Kell said that includes changes to consumer behavior and planning by utilities and businesses for significant infrastructure investments to shift to electric vehicles and electrify heating and appliances within buildings.

Scientists have called for “immediate and deep” cuts to carbon emissions to limit warming to 1.5 degrees Celsius or roughly 3 degrees Fahrenheit as set out under the Paris Climate Agreement. That’s a threshold that aims to ward off the worst effects of climate change even as climate experts anticipate the world will exceed that level of warming.

The report examined six clean energy scenarios against a baseline of business as usual. It states the most cost-effective way to cut emissions statewide is to pursue net-zero emissions economy-wide, including carbon-free electricity. The net-zero scenario is in line with scientists’ recommendations to cut greenhouse gas emissions 40 percent from 2005 levels by the end of the decade, and it would speed up retirement of coal plants by 2030. Wisconsin’s largest investor-owned utilities have pledged to exit coal by 2035.

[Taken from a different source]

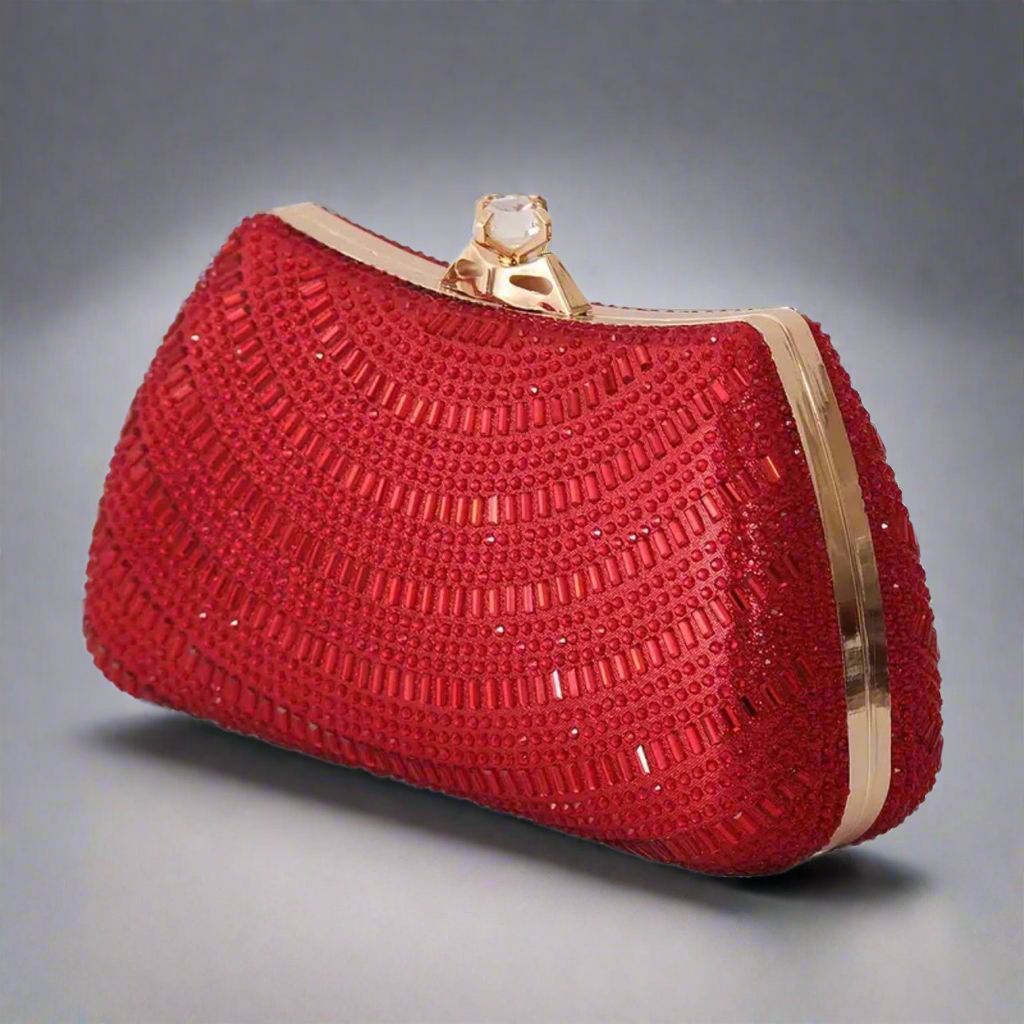 Glittery Red Rhinestone Clutch Evening Bag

The study notes getting there requires more ambitious investments across every sector. Kell said a net-zero economy would require $100 billion of investments from utilities, businesses and consumers through 2050.

“But along the way, while we’re making these investments, the costs of fossil fuels that we currently pay for will be avoided,” said Kell, noting those energy costs would be offset through savings on fuel and health care expenses.

More people are buying electric vehicles, and they’re expected to save customers thousands over time compared to most cars on the road. Even so, a Consumer Reports survey of roughly 8,000 adults this year found the cost of buying and maintaining an electric car was a barrier for more than half those surveyed. Kell noted federal incentives help reduce those costs, which are declining over time as demand grows.

If Wisconsin rapidly cuts emissions across all sectors, the report finds the state would see four times the emission reductions for only marginally higher costs in 2050 by targeting net-zero emissions than solely clean electricity. With less pollution, the study shows the state will save billions in avoided health care costs, growing the state’s gross domestic product by 3 percent.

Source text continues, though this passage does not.